One of the key reasons to self-audit a practice’s documentation and billing process is to identify areas in the practice that could potentially put the practice at risk. The Office of Inspector General describes seven elements it relies on as a foundation for provider compliance; the first of the seven is auditing.
All practice staff knows that even when the ICD-9-CM and CPT codes are assigned correctly for an encounter, the claim may be denied, rejected or not properly paid due to a multitude of reasons. The practice performance audit endeavors to evaluate any errors, timeliness of practice processes and inefficiencies within the practice that may result in incorrect, delayed or denial for payment for services.

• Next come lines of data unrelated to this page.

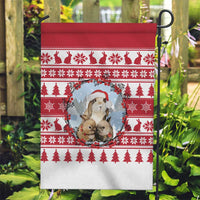 Christmas Santa Bunny Rabbits Garden Flag Red White Tree Snowflake Pattern - Wonder Print Shop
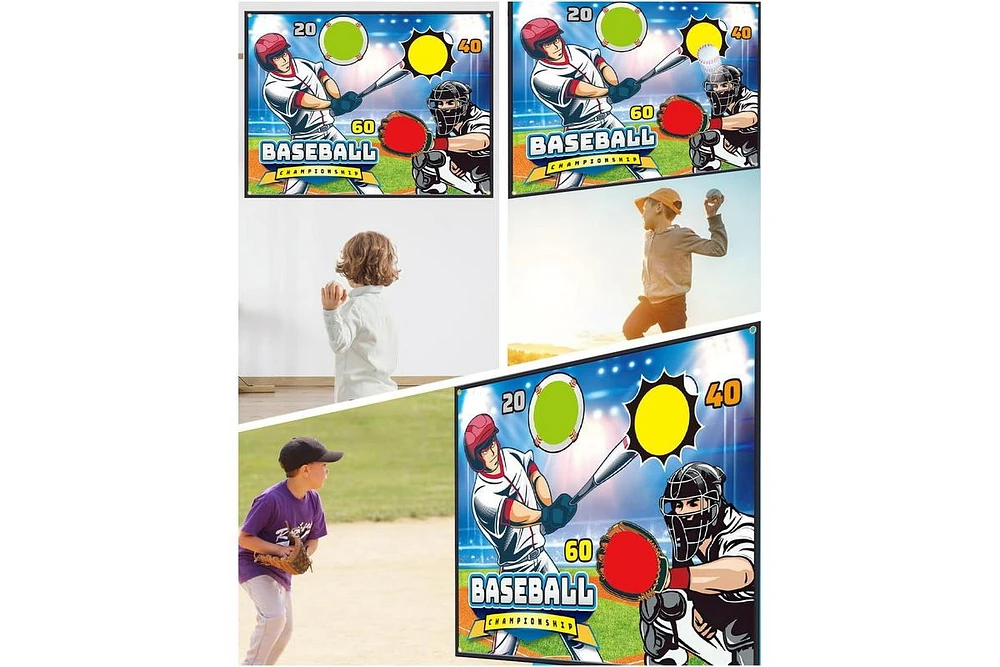 Titqwop Sticky Baseball Toss Game Set – Indoor/Outdoor Throwing Target Toy with 3 Balls | Backyard, Birthday & Team Sports Gift for Kids Ages 3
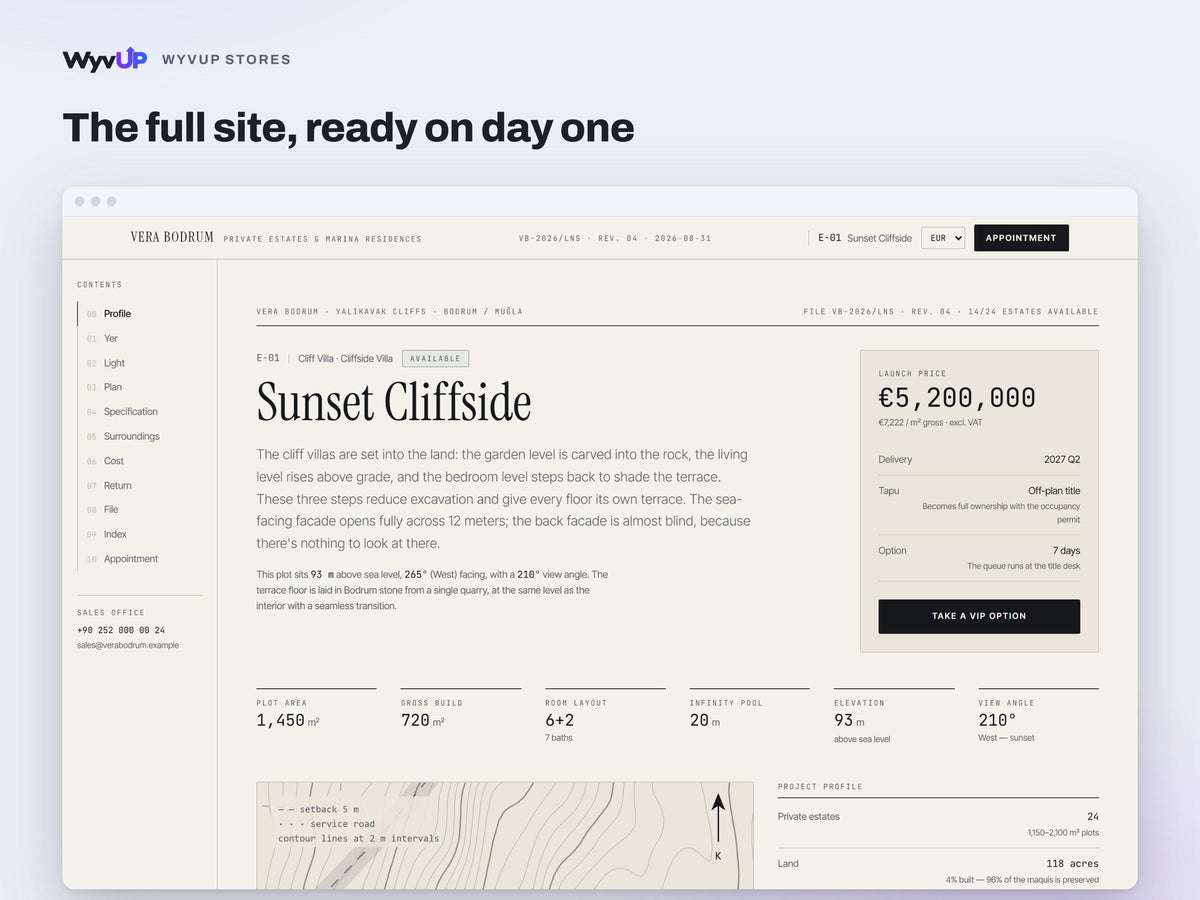 Luxury Villa Website Template | Real Estate Development & Marina Site | Lovable AI Editable React Template | Plot Plans
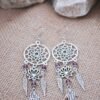 Sterling Silver Raw Amethyst Dream Catcher drop Earrings. Dream catcher dangle earrings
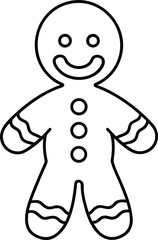 Happy gingerbread man line art vector illustration
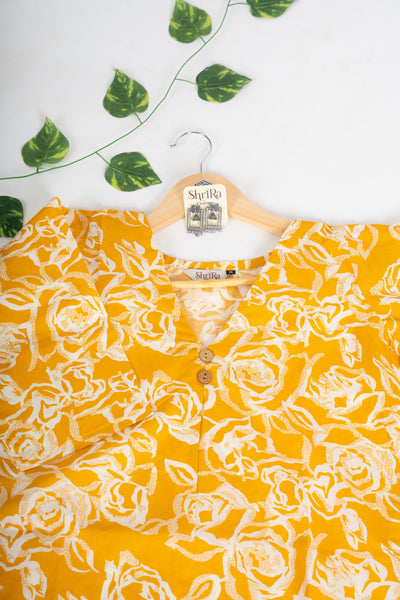 Sunlit Rose V Neck Centre Box Pleat Co-ord Set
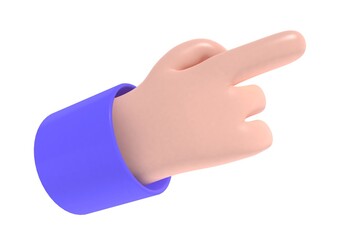 3D render, plastic cartoon caucasian hand with index finger. Indicating, showing something. Hand gesture.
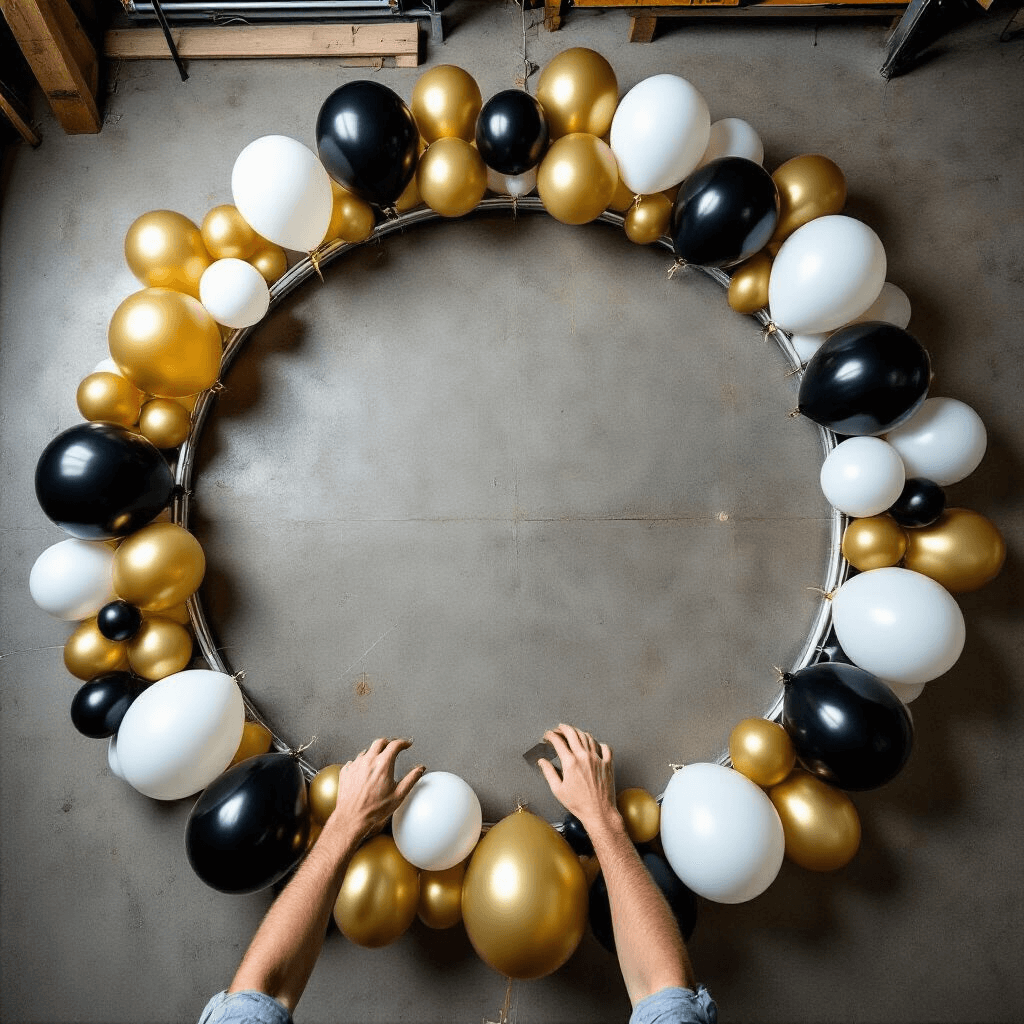 How to Create a Stunning Round Balloon Backdrop That'll Make Your Party Unforgettable An overhead view of a garage workspace showing the process of creating a balloon backdrop with a circular metal frame, chrome gold, white, and black balloons, and tools like an electric pump, gaff tape, and clear fishing line, highlighting the intricate craftsmanship involved.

Key guidelines to follow when performing practice audits:
- Select random charts; this will help with looking at the variety of services performed. It will not profit the practice if only selected visits are reviewed, which can leave the practice vulnerable if certain visits are not reviewed;
- Physicians should not review their own charts, because it’s almost impossible to be unbiased when looking at one’s work. It’s important for the person reviewing the charts to have knowledge of coding rules and guidelines and understand how to complete an audit review worksheet;
- Practices should use the same rules auditors use to review charts. Although many payers may interpret guidelines differently, they usually follow some key rubrics when it comes to auditing physician charts; and
- Auditing results should be educational, because this is a learning opportunity for the entire practice. Physicians should have the chance to review the results and discuss openly.
In addition to reviewing the services documented and ordered vs. what was coded and billed, a practice performance audit should review signature requirements for physicians and other healthcare professionals. Services that can’t be validated based on third-party guidelines should be reviewed and possibly reported and refunded if reimbursement was received for services.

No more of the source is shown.